This degree of similarity calculation processing is performed each time pitch coefficient T is provided to filtering section 374 from pitch coefficient setting section 173, and a pitch coefficient for which the calculated degree of similarity is a maximum—that is, optimum pitch coefficient T′ (in the range Tmin to Tmax)—is provided to filter coefficient calculation section 376.

Filter coefficient calculation section 376 finds filter coefficient β_i using optimum pitch coefficient T′ provided from search section 375, input spectrum S(k) input from frequency domain transform section 377, and first layer decoded spectrum S_DEC1(k) input from frequency domain transform section 371, and outputs filter coefficient β_i and optimum pitch coefficient T′ to multiplexing section 108 as spectrum encoded information. Except for the fact that Equation (10) below is used instead of Equation (5), filter coefficient β_i calculation processing performed by filter coefficient calculation section 376 is similar to filter coefficient β_i calculation processing performed by filter coefficient calculation section 176, and therefore a detailed description thereof is omitted here.

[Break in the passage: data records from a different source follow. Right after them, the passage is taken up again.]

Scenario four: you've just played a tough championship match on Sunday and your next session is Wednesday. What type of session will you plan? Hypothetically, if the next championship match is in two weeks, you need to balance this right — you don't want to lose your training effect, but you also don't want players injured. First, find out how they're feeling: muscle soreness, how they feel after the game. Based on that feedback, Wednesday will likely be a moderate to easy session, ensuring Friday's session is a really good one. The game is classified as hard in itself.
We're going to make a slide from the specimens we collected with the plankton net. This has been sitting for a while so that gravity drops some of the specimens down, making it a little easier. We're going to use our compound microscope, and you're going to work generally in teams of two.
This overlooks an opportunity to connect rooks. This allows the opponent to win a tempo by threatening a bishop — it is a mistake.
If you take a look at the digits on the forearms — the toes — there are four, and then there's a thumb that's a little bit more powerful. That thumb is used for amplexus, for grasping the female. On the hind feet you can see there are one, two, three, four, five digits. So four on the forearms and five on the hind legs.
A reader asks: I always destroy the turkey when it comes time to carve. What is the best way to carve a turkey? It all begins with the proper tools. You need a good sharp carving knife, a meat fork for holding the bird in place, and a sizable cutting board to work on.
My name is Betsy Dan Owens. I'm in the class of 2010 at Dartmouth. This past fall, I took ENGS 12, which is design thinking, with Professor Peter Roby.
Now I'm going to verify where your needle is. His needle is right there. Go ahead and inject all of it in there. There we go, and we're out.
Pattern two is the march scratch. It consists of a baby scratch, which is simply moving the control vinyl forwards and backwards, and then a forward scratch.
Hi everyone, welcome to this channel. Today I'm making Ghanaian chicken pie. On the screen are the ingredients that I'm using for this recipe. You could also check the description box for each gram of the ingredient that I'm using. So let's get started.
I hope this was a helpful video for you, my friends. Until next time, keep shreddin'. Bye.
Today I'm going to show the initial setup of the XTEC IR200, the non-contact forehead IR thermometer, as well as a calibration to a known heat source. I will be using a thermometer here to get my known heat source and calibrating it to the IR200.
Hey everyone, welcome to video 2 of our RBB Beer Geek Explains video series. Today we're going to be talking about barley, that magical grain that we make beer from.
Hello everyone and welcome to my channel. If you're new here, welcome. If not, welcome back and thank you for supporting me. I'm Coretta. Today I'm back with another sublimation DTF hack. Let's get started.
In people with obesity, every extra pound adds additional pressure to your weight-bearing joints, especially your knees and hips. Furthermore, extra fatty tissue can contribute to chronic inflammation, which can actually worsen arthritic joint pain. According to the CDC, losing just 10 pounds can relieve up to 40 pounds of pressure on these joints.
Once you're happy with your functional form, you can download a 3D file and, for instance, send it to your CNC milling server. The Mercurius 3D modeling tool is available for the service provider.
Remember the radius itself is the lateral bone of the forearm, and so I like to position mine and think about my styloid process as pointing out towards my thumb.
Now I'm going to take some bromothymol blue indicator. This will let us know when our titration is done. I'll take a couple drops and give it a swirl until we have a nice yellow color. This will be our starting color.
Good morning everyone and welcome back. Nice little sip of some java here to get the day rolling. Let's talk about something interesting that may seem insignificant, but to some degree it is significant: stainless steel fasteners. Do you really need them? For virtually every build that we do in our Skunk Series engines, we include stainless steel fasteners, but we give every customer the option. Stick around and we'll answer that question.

$\begin{array}{cc}\left[10\right]& \\ E=\sum _{k=\mathrm{FL}}^{\mathrm{FH}-1}{\left(S\left(k\right)-\sum _{i=-1}^1{\beta }_i·S_{\mathrm{DEC}1}\left(k-T^{\prime }-i\right)\right)}^2& \left(\mathrm{Equation}10\right)\end{array}$

In short, in encoding apparatus 300, spectrum encoding section 307 estimates the shape of a high-band (FL≦k<FH) of first layer decoded spectrum S_DEC1(k) having an effective frequency band of 0≦k<FH using filtering section 374 that makes first layer decoded spectrum S_DEC1(k) having an effective frequency band of 0≦k<FH an internal state. By this means, encoding apparatus 300 finds parameters indicating a correlation between estimated value S_DEC1′(k) for a high-band (FL≦k<FH) of first layer decoded spectrum S_DEC1(k) and a high-band (FL≦k<FH) of input spectrum S(k)—that is, optimum pitch coefficient T′ and filter coefficient β_i representing filter characteristics of filtering section 374—and transmits these to a decoding apparatus instead of input spectrum high-band encoded information.

A decoding apparatus according to this embodiment has a similar configuration and performs similar operations to those of encoding apparatus 100 according to Embodiment 1, and therefore a detailed description thereof is omitted here.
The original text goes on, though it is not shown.